━━━ DATA SUPPLIED
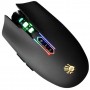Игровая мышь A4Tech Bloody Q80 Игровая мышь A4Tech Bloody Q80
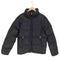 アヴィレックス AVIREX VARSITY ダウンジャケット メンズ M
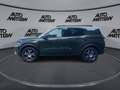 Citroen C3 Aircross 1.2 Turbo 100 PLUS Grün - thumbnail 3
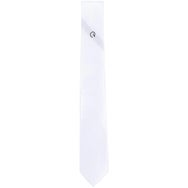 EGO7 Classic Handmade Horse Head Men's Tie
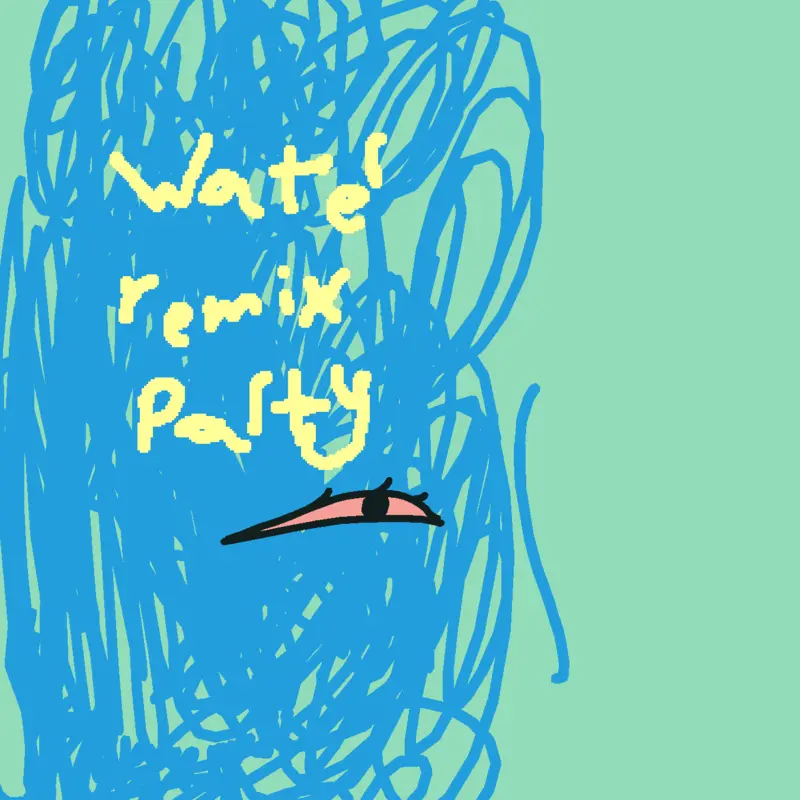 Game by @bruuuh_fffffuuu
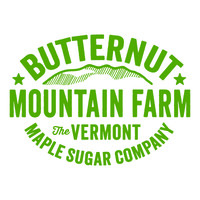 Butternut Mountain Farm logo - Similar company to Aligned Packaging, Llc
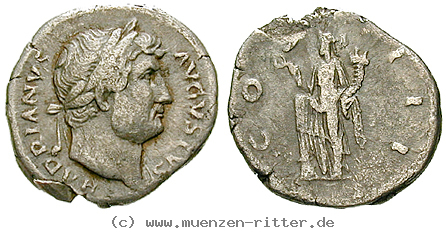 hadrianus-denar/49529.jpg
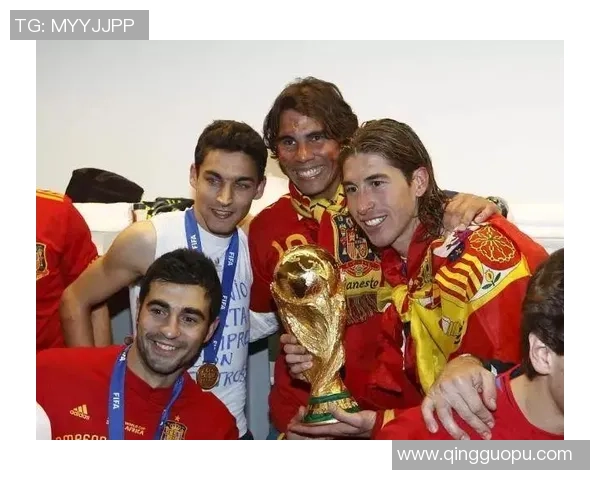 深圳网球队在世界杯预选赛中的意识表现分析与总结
━━━━━━
Beginning at the line that holds "EGO7 Classic Handmade Horse Head Men's Tie" and ending with the last line of the entries, please set down each line exactly, leaving every picture out.

> _REPLY TO THE EXERCISE_
 EGO7 Classic Handmade Horse Head Men's Tie
 Game by @bruuuh_fffffuuu
 Butternut Mountain Farm logo - Similar company to Aligned Packaging, Llc
 hadrianus-denar/49529.jpg
 深圳网球队在世界杯预选赛中的意识表现分析与总结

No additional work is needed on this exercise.